Modern water quality field sensors, probes, and sondes allow the collection of significant quantities of data with high temporal resolution. These instruments can also collect high-resolution vertical profile data for multiple water quality parameters. Until recently, regular collection of these large datasets has been rare; even more uncommon are tools that can be used to analyze them. We developed a set of tools to import, store, and analyze vertical profile data and single point measurements. We use Microsoft Excel to perform the initial data evaluation and processing, Microsoft Access as a personal geodatabase, and ArcMap tools to analyze, visualize, and communicate the collected data.
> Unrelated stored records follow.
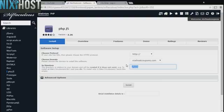If you leave this field blank, php.js will be installed directly to the domain you have chosen.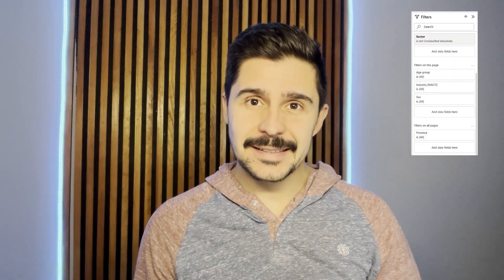Hey, what's up everybody? Clayton here with GoAnalytics and today we're talking about filtering in Power BI. Slicers or filter pane? Let's get started.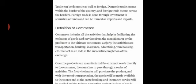So here comes commerce. Commerce includes all the activities that help in facilitating the exchange of goods and services from the manufacturer or producer to the ultimate consumer. Majorly, the activities are transportation, banking, insurance, advertising, warehousing, etc., that act as an aid in the successful completion of the exchange.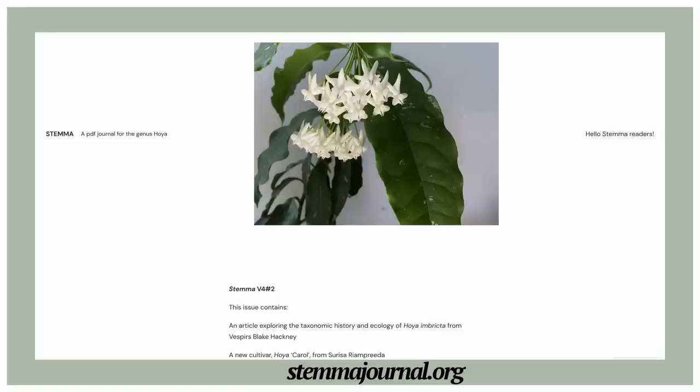A couple of other Facebook groups worth checking are Stemma Journal — which is being published again — and you can also visit stemmajournal.org. There you can find information about newly published species, disputed species, cultivation tips, and discussions about broad mites and flat mites.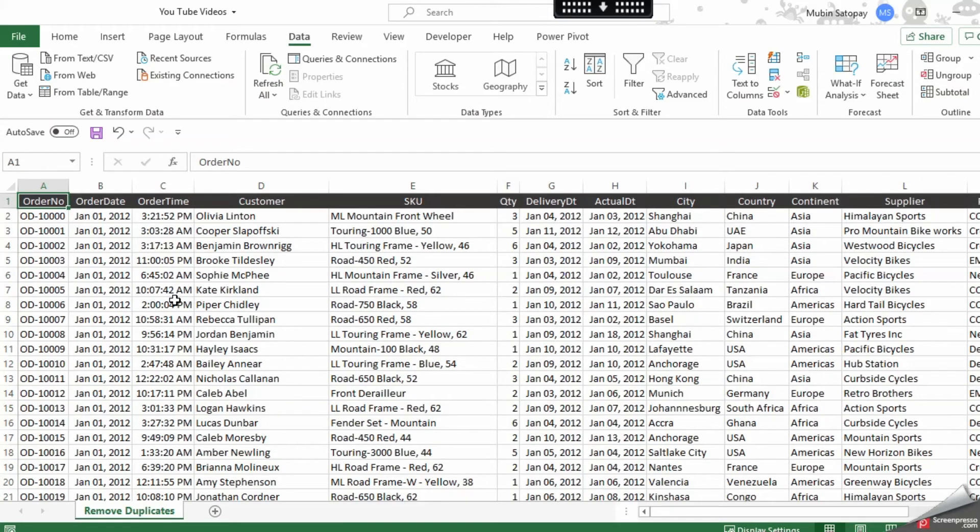You have removed all the duplicate items with the same customer name, and all the customers appearing over here are with a different name.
The ArcMap tools provide vertical plots of multiple variables, spatial distributions of variables at a specific elevations or depths, and animations of any of the data presentations over time. The tools also compute statistics and correlations among the variables from quantitative analysis. The collected data are stored and referenced by location, time, depth, and elevation. The elevations are interpolated to 0.25 foot elevations to allow spatial analysis of the data across monitoring points and through time. Vertical profiles can be analyzed in various ways. For example, the profile at a monitoring point can be plotted over time, this can show correlation among parameters, reservoir processes associated with depth such as thermal clines or oxygen deficient areas, and other phenomenon. These data could be analyzed at multiple monitoring points at a single depth over time, for example looking at spatial averages of selected depth measurements to analyze reservoir spatial processes such as the impact of inflows or using simple time plots of parameters at a single monitoring point at selected depths. Data can also be analyzed by elevation rather than depth since, for most reservoirs, significant depth fluctuations occur annually. Elevation, rather than depth, can be important in some cases such as issues associated with a dam outlet elevation.